師範の呟き【物】<ヘルツ>のレザー鞄

ヌメのレザートランクは男のギアって感じがしますね。分厚くって無染色な革は鞄の素材では一番好きなシリーズです。ハンドクラフトの味が堪らないんですよ。

こいつは「HERZ(ヘルツ)」の革鞄なんですが、90年代、いまから20年以上も前に浅草の仲見世の鞄屋さんで買ったんです。海外ものかと思ってお店の方に聞くと、渋谷の革屋さんだっていうからおどろきました。当時はまだ小さなメーカーさんだったけど、いまじゃ有名なレザーブランドになりましたね。買った当時は3万8000円ぐらいだったかなぁ? 今、この値段じゃ買えないでしょうね。

蓋が切りっぱなしになってましてね、金足付きで自立するんです。大きさは横が40センチぐらいで高さは30センチぐらい、マチも15センチぐらいあるので結構入る。ちょっと重いけど、ちょうどいいサイズなのでよく持ち歩いてましたよ。アルマーニのスーツにも、ジーンズにも合いますよ。

すごく気に入っていたのですが、これをうちの犬が噛みましてね。革のニオイは犬にとって堪らないんでしょうね。歯型が付いちゃったものだから、仕舞い込んでたんですね。そこへきて数年前に犬も亡くなったものですから、ここ最近は使ってなかったんです。たまに出して虫干ししてますが、だからヌメ革の味出しがまだ未完成なんです。20年も使い込んだら、もっと飴色になると思うんですがね。

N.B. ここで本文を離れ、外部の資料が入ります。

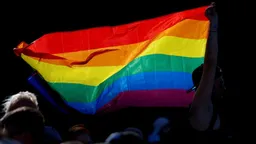 Проект «Парни+» признали «экстремистской» организацией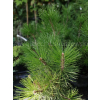 Sosna bośniacka-Pinus heldreichii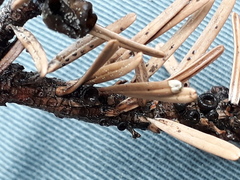 Rutstroemia elatina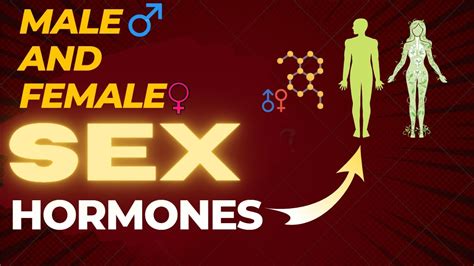male and female sex hormones by mitesh sir youtube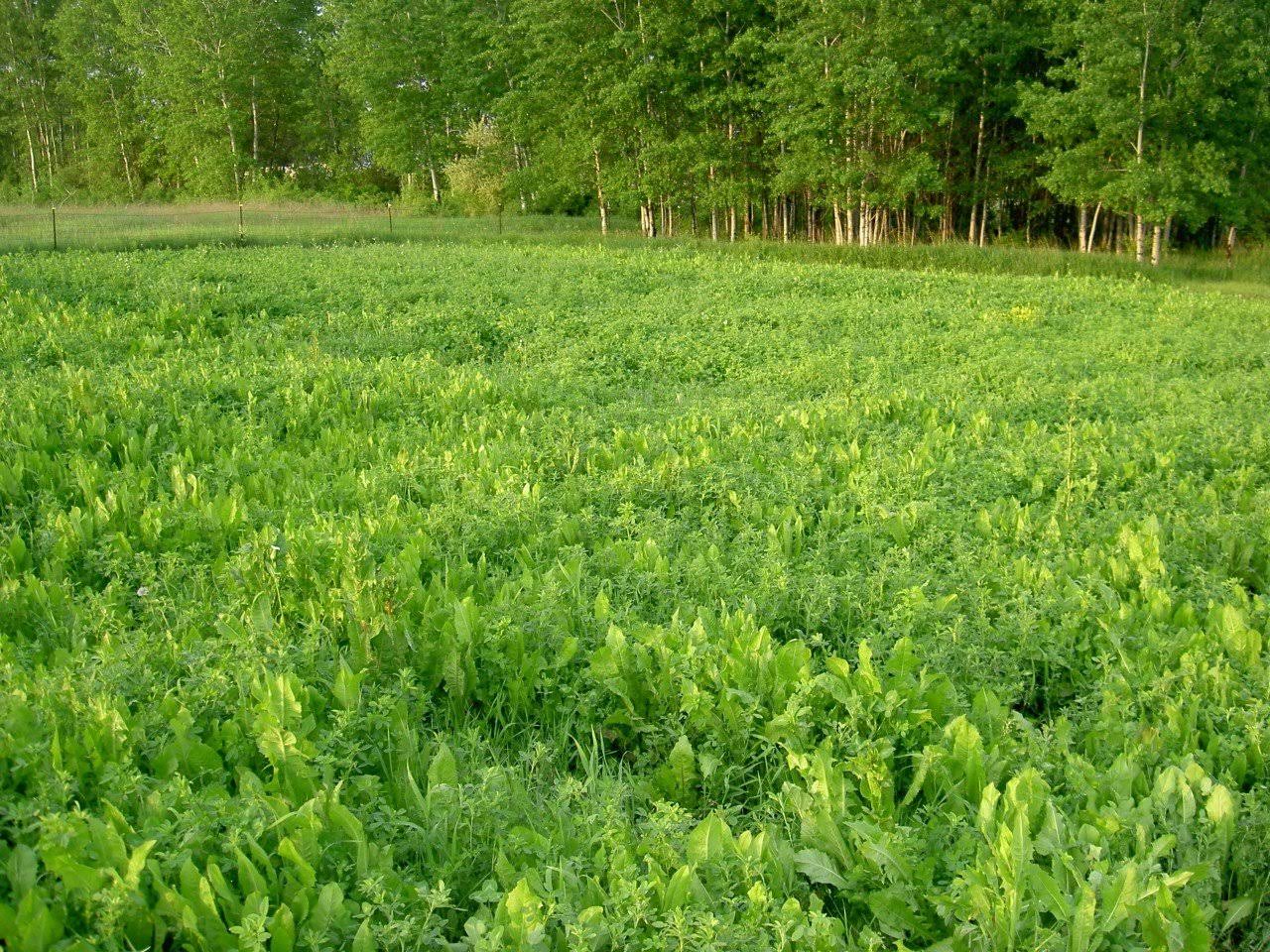 Tecomate Alfa-Feast Trophy Mix Perennial Food Plot Seed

そろそろ出して、使ってもいいかなぁと思うようになりまして、メンテナンスをしてもらおうかと思ってたところです。昔、ヘルツにいた職人さんが知り合いにいまして、今、<アナロジコ>という革鞄の工房をやってらっしゃるのです。留め付けになってるショルダーストラップを、付け外しできるようにしてもらいたいのですよ。